LONDON — The U.S. is frantically trying to salvage a Syrian opposition conference that John Kerry plans to attend this week during his first official overseas trip as U.S. secretary of state.
A senior Obama administration official said Sunday that Kerry has sent his top Syrian envoy to Cairo in hopes of convincing opposition leaders that their participation in the conference in Rome is critical to addressing questions from potential donors and securing additional aid from the United States and Europe.
Some members of the sharply divided Syrian Opposition Council are threatening to boycott Wednesday’s meeting, which is the centerpiece of Kerry’s nine-nation tour of Europe and the Middle East.
According to the official, U.S. envoy Robert Ford will say that the conference is a chance for foes of Syrian President Bashar Assad to make their case for new and enhanced aid — and get to know America’s new chief diplomat, who has said he wants to propose new ideas to pressure Assad into leave power.

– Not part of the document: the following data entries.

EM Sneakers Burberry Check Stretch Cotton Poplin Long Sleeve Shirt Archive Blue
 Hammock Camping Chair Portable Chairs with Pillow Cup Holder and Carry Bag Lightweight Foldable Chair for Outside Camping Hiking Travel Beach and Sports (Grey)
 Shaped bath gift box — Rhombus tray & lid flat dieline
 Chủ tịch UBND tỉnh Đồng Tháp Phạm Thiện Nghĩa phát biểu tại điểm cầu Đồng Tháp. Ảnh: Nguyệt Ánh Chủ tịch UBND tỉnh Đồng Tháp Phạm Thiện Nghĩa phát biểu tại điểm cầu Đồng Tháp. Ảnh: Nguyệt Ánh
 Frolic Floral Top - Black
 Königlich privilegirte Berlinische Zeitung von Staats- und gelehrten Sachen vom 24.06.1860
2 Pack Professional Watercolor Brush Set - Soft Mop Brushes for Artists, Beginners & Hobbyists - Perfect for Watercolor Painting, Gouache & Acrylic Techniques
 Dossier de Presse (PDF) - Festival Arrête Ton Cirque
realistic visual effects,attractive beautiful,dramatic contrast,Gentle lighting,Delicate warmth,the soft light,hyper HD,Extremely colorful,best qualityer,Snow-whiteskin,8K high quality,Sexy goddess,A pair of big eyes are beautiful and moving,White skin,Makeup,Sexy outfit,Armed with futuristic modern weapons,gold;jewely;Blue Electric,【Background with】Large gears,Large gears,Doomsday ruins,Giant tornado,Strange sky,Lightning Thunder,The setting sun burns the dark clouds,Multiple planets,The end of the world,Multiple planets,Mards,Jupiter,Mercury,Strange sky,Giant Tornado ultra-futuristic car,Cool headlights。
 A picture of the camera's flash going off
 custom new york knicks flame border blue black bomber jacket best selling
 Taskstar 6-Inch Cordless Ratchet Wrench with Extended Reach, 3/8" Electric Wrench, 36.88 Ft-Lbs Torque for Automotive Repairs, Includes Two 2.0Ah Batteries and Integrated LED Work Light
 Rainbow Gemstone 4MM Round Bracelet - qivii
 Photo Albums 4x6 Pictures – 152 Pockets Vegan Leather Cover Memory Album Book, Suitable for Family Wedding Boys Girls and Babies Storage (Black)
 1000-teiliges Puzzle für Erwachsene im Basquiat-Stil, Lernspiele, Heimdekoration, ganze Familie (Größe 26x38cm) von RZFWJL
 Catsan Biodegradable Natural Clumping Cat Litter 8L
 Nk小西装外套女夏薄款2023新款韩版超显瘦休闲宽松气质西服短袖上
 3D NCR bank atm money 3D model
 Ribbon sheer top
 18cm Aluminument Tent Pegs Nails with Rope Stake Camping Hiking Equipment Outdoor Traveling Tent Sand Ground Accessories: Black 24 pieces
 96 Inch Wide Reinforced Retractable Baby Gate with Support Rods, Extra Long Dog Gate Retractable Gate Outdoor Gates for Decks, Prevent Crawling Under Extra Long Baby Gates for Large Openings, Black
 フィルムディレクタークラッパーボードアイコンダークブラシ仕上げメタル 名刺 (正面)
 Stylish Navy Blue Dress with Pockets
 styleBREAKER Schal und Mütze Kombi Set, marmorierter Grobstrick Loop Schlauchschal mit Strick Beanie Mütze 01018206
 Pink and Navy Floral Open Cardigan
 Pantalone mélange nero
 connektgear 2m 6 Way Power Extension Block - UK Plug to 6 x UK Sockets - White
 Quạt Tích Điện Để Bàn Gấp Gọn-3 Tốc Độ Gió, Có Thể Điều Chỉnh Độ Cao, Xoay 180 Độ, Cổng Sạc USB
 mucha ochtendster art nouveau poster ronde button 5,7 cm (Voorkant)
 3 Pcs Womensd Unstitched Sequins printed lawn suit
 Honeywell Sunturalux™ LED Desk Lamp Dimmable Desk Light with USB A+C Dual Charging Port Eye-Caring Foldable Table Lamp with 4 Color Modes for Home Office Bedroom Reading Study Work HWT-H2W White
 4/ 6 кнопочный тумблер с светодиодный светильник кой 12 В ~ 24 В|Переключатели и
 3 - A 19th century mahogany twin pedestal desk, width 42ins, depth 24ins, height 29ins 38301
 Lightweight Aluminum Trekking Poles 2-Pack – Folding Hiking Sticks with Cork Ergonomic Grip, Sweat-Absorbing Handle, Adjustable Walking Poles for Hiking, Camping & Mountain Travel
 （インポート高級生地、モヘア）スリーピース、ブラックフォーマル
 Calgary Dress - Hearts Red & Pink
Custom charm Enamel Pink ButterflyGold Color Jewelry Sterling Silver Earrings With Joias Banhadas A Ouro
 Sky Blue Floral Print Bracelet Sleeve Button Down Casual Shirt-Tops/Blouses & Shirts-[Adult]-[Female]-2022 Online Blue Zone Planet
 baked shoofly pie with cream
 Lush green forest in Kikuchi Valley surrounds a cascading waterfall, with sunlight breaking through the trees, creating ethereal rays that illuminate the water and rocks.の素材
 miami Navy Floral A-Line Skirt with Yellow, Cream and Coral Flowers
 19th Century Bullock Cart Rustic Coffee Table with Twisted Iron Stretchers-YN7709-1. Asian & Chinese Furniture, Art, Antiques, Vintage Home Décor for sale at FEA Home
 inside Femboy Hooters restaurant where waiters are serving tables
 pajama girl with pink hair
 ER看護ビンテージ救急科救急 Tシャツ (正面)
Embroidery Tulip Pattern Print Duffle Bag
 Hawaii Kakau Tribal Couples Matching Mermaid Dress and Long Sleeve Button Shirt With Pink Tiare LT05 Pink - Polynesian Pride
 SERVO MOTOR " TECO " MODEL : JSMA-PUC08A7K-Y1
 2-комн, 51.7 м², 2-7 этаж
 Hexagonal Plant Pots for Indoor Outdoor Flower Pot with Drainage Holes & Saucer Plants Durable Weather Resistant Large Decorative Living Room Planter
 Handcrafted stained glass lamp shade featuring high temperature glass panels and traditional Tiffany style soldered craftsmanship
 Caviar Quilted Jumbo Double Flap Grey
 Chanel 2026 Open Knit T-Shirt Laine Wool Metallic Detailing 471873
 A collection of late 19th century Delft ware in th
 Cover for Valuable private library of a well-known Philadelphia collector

The official was not authorized to discuss sensitive diplomatic matters publicly and spoke only on condition of anonymity.
If the meeting with Kerry were to be postponed, the official said the delay would likely hurt chances for short-term boosts in U.S. aid or shifts in Syria policy, which is now focused on providing non-lethal and humanitarian assistance to the opposition.
The U.S. is concerned that the same kind of infighting that doomed the Syrian National Council may be hindering the SOC, the official said.
In addition to Ford’s trip to Cairo, the top U.S. diplomat for the Mideast, Elizabeth Jones, planned to head to Rome on Monday to add her voice to the argument to opposition members there.